Were it not for the artificial happy ending, Under 18 would come across much better. It’s a rather unique window into the lives of the working poor during the Depression and the wolf that is always at the door. It offers a grim, realistic view of the options available for women raised in the tenements. This is no escapist fantasy, at least until the end, but rather the other side of the world depicted in such films as Gold Diggers of 1933, Gold Diggers of 1935, and Dames. During the film, the camera focuses in on the hard facts of life in the tenements: sleeping on fire escapes on hot summer nights, congested sidewalks and streets choking with traffic, and apartments with little more than paper-thin walls so that the neighbors can be heard right through them.
We also see Margie and Jimmie on a couple of their dates, which are depicted as definitely on the unglamorous side. Sometimes he takes her with him on his deliveries, while other times they sit on the front stoop next to some fresh garbage talking about love, money and marriage. We listen in on Jimmie’s hatred for the rich while Margie is swooning over the life the models lead at work.
What Under 18 has in common with the other films mentioned above, however, is the depiction of limited choices for women in the workforce. If not born into money, life is difficult for a working woman: she can be a clerk, a landlady, or a model. That’s it. Even physical violence, which occurs when Alf strikes Sophie and Jimmie goes to hit Margie (only to be stopped by Harding) goes unpunished, as if it were an inescapable fact of a woman’s life. Most of the films made during the Pre-Code years make gold digging into a sympathetic art form, while the rich are portrayed as pleasure-seeking boobs who deserve to be parted from their cash.
And while Under 18 has its share of Pre-Code friskiness, the unrealistic happy ending almost threatens to sabotage all that has gone on before. Were the film made in 1936, we could simply ascribe it to dictated changes from the Breen Office. But this was 1931, years before the Code was enforced, and it would seem that the ending was an inspiration of screenwriters Charles Kenyon and Maude Fulton for reasons known only to them.

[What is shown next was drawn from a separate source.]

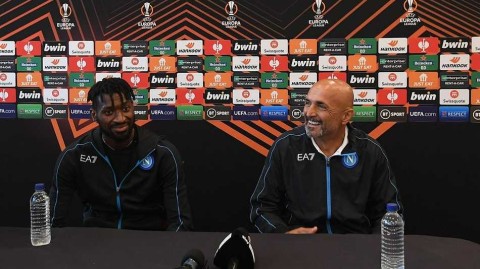 斯帕莱蒂挂帅出征：那不勒斯誓师英伦，欧联杯小组赛首战一触即发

Overall, Under 18 is an entertaining Pre-Code film with two excellent performances from leads Marsh and William that promise greater things from them in the future. But while Warren William lived up to his promise, Marian Marsh fell short, despite many excellent performances. And her fall from grace has been attributed to Under 18, or rather, the negative critical reaction accompanied by the poor box office, despite the intense ballyhoo. Marsh, disappointed and exhausted from her working schedule at Warner Bros. (five films in 1931 alone), rebelled against the studio, which retaliated by dropping her option. Her career never fully recovered, as she moved from studio to studio. While at Columbia, she turned in two great performances in The Black Room (1935), with Boris Karloff, and Crime and Punishment (also 1935), with Peter Lorre. Her movie career ended in 1942 at the age of 28, starring with Harry Langdon in House of Errors for PRC. Still, while her star burned bright in the early ‘30s, she looked to be one of the coming superstars of the film business.